Required work:
All entries must be transcribed exactly, down to the last character.

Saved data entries
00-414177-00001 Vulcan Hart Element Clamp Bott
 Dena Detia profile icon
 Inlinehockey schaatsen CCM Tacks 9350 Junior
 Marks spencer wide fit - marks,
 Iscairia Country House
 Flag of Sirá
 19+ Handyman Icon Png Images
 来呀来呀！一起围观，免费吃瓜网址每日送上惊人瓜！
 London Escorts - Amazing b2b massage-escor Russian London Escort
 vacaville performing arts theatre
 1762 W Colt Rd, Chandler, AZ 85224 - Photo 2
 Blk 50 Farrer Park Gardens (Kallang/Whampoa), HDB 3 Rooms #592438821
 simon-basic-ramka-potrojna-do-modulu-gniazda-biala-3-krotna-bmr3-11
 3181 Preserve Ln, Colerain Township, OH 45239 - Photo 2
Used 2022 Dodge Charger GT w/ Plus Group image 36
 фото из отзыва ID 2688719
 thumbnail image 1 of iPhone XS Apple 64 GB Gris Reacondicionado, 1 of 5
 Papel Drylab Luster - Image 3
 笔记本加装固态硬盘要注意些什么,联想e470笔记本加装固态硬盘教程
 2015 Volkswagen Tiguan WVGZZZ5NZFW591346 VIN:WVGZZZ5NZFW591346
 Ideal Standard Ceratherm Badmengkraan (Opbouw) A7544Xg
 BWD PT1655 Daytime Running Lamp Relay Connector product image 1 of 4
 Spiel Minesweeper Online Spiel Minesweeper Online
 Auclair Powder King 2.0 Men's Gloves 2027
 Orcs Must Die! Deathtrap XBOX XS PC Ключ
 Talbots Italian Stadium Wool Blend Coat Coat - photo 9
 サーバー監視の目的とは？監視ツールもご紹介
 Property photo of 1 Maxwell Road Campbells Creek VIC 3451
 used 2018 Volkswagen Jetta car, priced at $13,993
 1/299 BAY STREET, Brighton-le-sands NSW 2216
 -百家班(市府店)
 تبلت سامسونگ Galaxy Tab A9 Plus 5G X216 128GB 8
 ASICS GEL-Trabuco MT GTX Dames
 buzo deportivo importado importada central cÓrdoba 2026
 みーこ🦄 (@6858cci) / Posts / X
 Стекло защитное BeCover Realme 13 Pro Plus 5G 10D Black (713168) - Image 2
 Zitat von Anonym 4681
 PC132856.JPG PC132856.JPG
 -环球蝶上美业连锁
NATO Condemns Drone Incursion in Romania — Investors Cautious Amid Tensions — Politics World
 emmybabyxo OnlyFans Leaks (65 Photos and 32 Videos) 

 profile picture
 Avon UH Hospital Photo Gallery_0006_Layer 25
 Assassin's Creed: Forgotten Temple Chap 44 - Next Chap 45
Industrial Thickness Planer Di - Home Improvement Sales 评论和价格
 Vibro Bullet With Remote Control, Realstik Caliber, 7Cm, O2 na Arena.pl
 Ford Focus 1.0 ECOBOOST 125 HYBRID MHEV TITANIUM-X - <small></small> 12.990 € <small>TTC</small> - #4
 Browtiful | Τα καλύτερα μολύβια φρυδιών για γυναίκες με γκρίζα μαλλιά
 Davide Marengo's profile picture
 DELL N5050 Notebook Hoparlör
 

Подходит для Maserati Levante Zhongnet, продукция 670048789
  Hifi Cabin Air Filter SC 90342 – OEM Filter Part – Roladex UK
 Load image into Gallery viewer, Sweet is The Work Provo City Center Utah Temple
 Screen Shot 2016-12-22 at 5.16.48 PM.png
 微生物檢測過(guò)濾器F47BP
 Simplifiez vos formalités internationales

Completed exercise:
00-414177-00001 Vulcan Hart Element Clamp Bott
 Dena Detia profile icon
 Inlinehockey schaatsen CCM Tacks 9350 Junior
 Marks spencer wide fit - marks,
 Iscairia Country House
 Flag of Sirá
 19+ Handyman Icon Png Images
 来呀来呀！一起围观，免费吃瓜网址每日送上惊人瓜！
 London Escorts - Amazing b2b massage-escor Russian London Escort
 vacaville performing arts theatre
 1762 W Colt Rd, Chandler, AZ 85224 - Photo 2
 Blk 50 Farrer Park Gardens (Kallang/Whampoa), HDB 3 Rooms #592438821
 simon-basic-ramka-potrojna-do-modulu-gniazda-biala-3-krotna-bmr3-11
 3181 Preserve Ln, Colerain Township, OH 45239 - Photo 2
Used 2022 Dodge Charger GT w/ Plus Group image 36
 фото из отзыва ID 2688719
 thumbnail image 1 of iPhone XS Apple 64 GB Gris Reacondicionado, 1 of 5
 Papel Drylab Luster - Image 3
 笔记本加装固态硬盘要注意些什么,联想e470笔记本加装固态硬盘教程
 2015 Volkswagen Tiguan WVGZZZ5NZFW591346 VIN:WVGZZZ5NZFW591346
 Ideal Standard Ceratherm Badmengkraan (Opbouw) A7544Xg
 BWD PT1655 Daytime Running Lamp Relay Connector product image 1 of 4
 Spiel Minesweeper Online Spiel Minesweeper Online
 Auclair Powder King 2.0 Men's Gloves 2027
 Orcs Must Die! Deathtrap XBOX XS PC Ключ
 Talbots Italian Stadium Wool Blend Coat Coat - photo 9
 サーバー監視の目的とは？監視ツールもご紹介
 Property photo of 1 Maxwell Road Campbells Creek VIC 3451
 used 2018 Volkswagen Jetta car, priced at $13,993
 1/299 BAY STREET, Brighton-le-sands NSW 2216
 -百家班(市府店)
 تبلت سامسونگ Galaxy Tab A9 Plus 5G X216 128GB 8
 ASICS GEL-Trabuco MT GTX Dames
 buzo deportivo importado importada central cÓrdoba 2026
 みーこ🦄 (@6858cci) / Posts / X
 Стекло защитное BeCover Realme 13 Pro Plus 5G 10D Black (713168) - Image 2
 Zitat von Anonym 4681
 PC132856.JPG PC132856.JPG
 -环球蝶上美业连锁
NATO Condemns Drone Incursion in Romania — Investors Cautious Amid Tensions — Politics World
 emmybabyxo OnlyFans Leaks (65 Photos and 32 Videos) 

 profile picture
 Avon UH Hospital Photo Gallery_0006_Layer 25
 Assassin's Creed: Forgotten Temple Chap 44 - Next Chap 45
Industrial Thickness Planer Di - Home Improvement Sales 评论和价格
 Vibro Bullet With Remote Control, Realstik Caliber, 7Cm, O2 na Arena.pl
 Ford Focus 1.0 ECOBOOST 125 HYBRID MHEV TITANIUM-X - <small></small> 12.990 € <small>TTC</small> - #4
 Browtiful | Τα καλύτερα μολύβια φρυδιών για γυναίκες με γκρίζα μαλλιά
 Davide Marengo's profile picture
 DELL N5050 Notebook Hoparlör
 

Подходит для Maserati Levante Zhongnet, продукция 670048789
  Hifi Cabin Air Filter SC 90342 – OEM Filter Part – Roladex UK
 Load image into Gallery viewer, Sweet is The Work Provo City Center Utah Temple
 Screen Shot 2016-12-22 at 5.16.48 PM.png
 微生物檢測過(guò)濾器F47BP
 Simplifiez vos formalités internationales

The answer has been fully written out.